A nota dos “camaradas” do Itamaraty, assim, expropria os judeus de sua história e, obviamente, minimiza a fealdade do Holocausto ao inscrever aqueles eventos numa cadeia de “todas as formas de racismo” e de “outras manifestações de intolerância”.
Aliás, notas passadas do Itamaraty sobre atentados ocorridos em Israel estão disponíveis no site. De forma deliberada, sempre que o governo brasileiro condena um ataque a judeus, há o “por-outro-ladismo”, evocando a causa palestina, como quem busca uma licença moral que justifique o ataque.
Embaixador
Não custa lembrar: uma nota pusilânime como essa vem a público no momento em que Israel está sem embaixador no Brasil porque o nome designado por Benyamin Netaniahu, primeiro-ministro daquele país, não recebeu o “agrément” do governo brasileiro, isto é, o reconhecimento oficial. Isso significa, pasmem!, que Dilma Rousseff, esta mulher tão hábil e cuidadosa não aceita a escolha.

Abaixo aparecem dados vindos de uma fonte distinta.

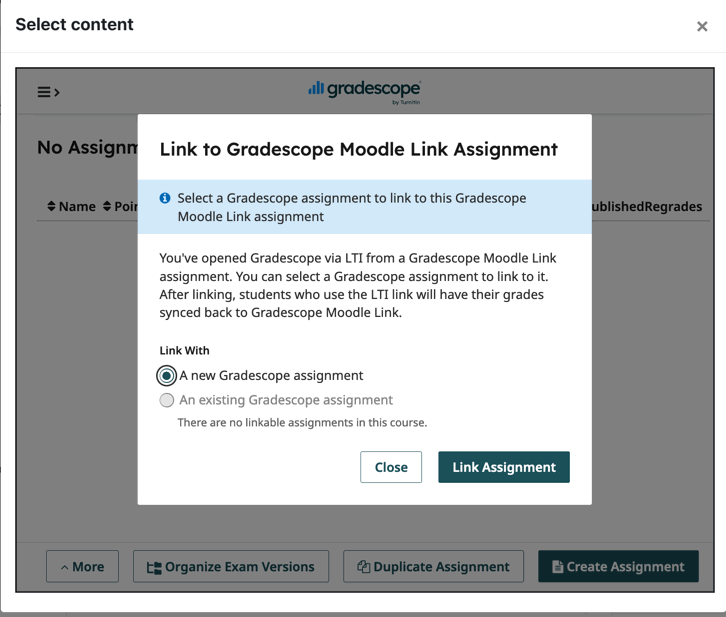 Illustration of option to create new Gradescope Assignment.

E por que não? O governo petista não gosta da origem de Dany Dayan, o indicado. Entre 2007 e 2013, ele integrou o Conselho Yesha, que representa os 500 mil judeus que moram na Cisjordânia. Como, oficialmente, o Brasil é contra o que chama “ocupação” do território palestino, então se arvora em censor da indicação do embaixador. É claro que é um absurdo.

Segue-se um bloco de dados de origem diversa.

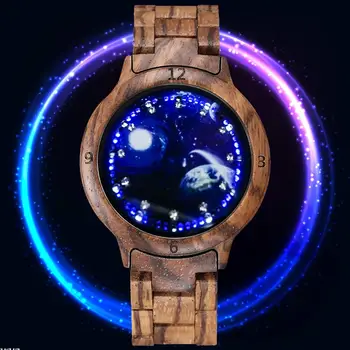 Retro Puidust Watch Fashion LED Puutetundlik Elektrooniline Olge Mehed Naised Sinine Tähine Dial Täis Puidust Käevõru Käekell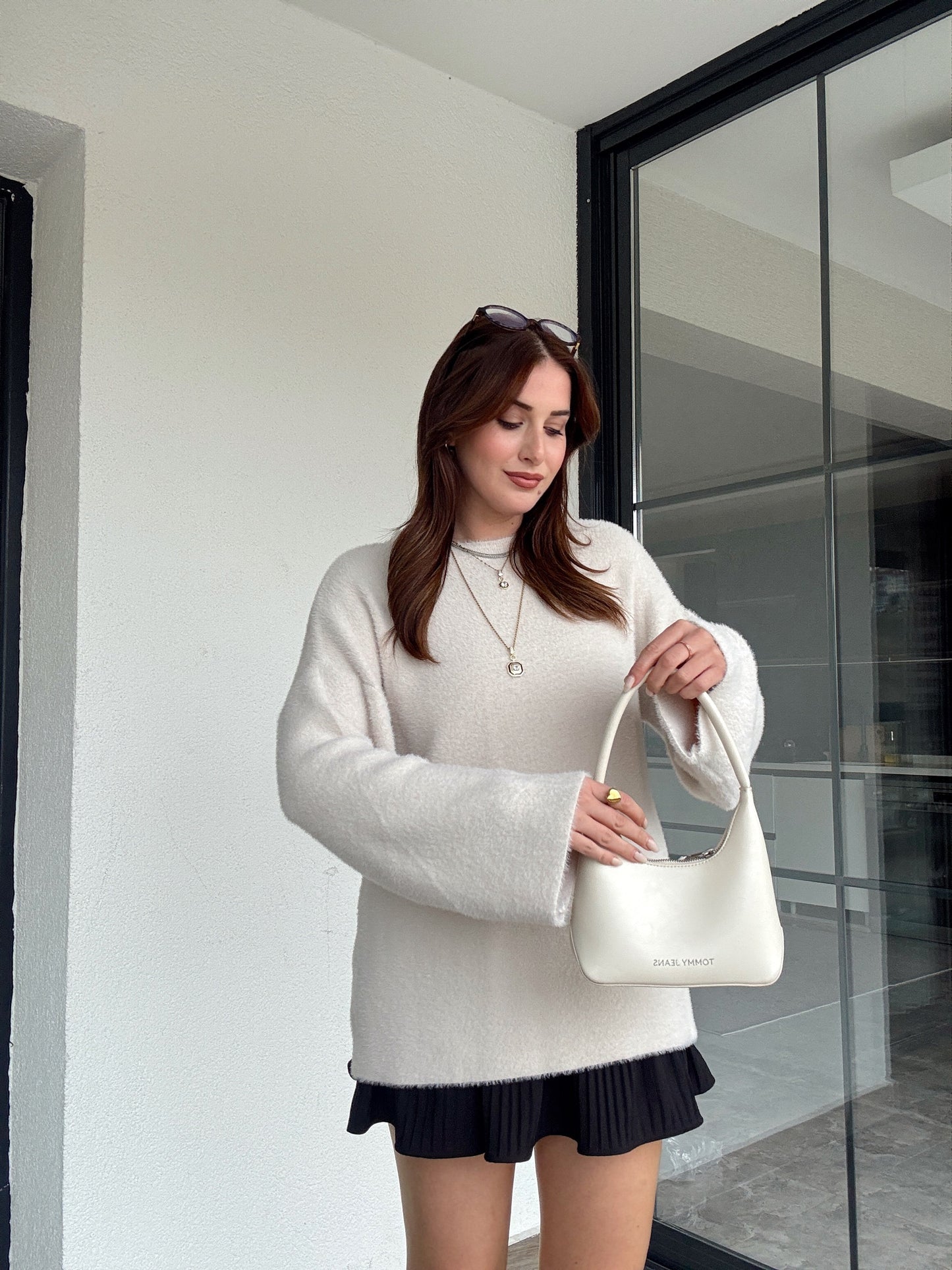 Sakallı triko kazak-BEJ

Será que os petistas só aceitam diplomatas que sejam comprovadas pombas da paz? Os palestinos, já escrevi a respeito. têm o seu embaixador no Brasil. Trata-se de Ibrahim Alzeben. No dia 30 de setembro de 2011, já ocupando o cargo, numa palestra a universitários, disse: “Esse Israel deve desaparecer”. E ninguém o incomodou por aqui.
Irã
No dia da memória do Holocausto, aiatolá Khamenei, líder supremo do Irã, divulgou um vídeo (aqui) . O próprio governo do Irã se encarregou de divulgar a mensagem na quarta-feira, no Dia Internacional em Memória das Vítimas do Holocausto. Como vocês percebem no trecho acima, Khamenei lamenta que, na Europa, ninguém se atreva a falar do Holocausto judeu. Segundo ele, não é certo que tenha acontecido. Vai mais longe: ainda que seja verdadeiro, diz que não está claro como se deu. Ele lamenta que expressar dúvidas a respeito seja considerado um grande pecado.
Eis o Irã, que acaba de ganhar o selo de qualidade dos Estados Unidos para poder voltar a frequentar a mesa das nações civilizadas. Há coisas que só Barack Obama pode fazer pela humanidade, se é que vocês me entendem…
O Brasil, é claro!, não se incomoda com o embaixador iraniano no Brasil, que, por óbvio, endossa as palavras de seu líder espiritual. Ou por outra: o Brasil não aceita um embaixador israelense que tenha sido representante de colonos da Cisjordânia, mas aceita um representante iraniano que, por óbvio, põe em dúvida a existência do Holocausto.
Ah, claro!, cumpre notar: ainda que sua fala seja delinquente, o aiatolá ao menos associa a palavra “holocausto” a “judeus”. O Itamaraty nem isso.
Acreditem: de todas as degradações a que o petismo submeteu o país, a da política externa é a pior. Essa nota é asquerosa e, a meu ver, uma vez mais, deixa entrever a suspeita de antissemitismo.